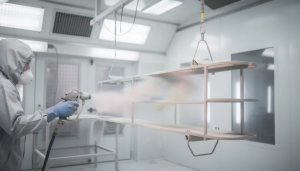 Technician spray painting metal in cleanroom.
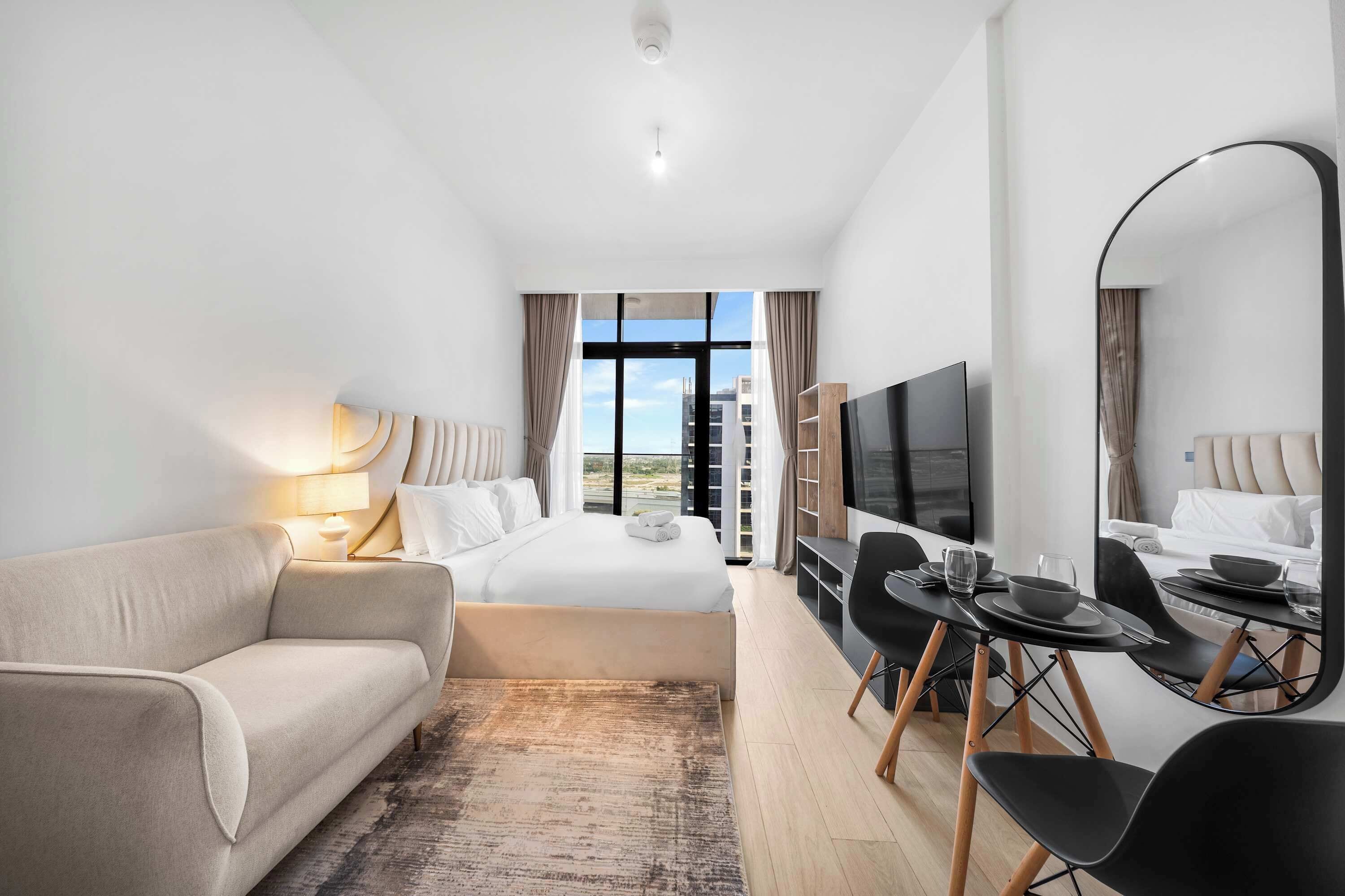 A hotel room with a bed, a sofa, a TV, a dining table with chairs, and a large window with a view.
========================================================================
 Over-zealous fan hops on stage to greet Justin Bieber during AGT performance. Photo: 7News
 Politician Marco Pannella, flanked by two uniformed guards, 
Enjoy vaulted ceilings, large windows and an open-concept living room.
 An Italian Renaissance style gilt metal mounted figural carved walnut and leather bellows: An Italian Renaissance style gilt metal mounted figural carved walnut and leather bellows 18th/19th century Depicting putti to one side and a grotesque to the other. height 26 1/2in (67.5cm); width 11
========================================================================
| Required work |
Using the data above, repeat exactly the lines that begin at the line with "Enjoy vaulted ceilings, large" and end at the line with "(67.5cm); width 11", both ends included.

| Answer space |
Enjoy vaulted ceilings, large windows and an open-concept living room.
 An Italian Renaissance style gilt metal mounted figural carved walnut and leather bellows: An Italian Renaissance style gilt metal mounted figural carved walnut and leather bellows 18th/19th century Depicting putti to one side and a grotesque to the other. height 26 1/2in (67.5cm); width 11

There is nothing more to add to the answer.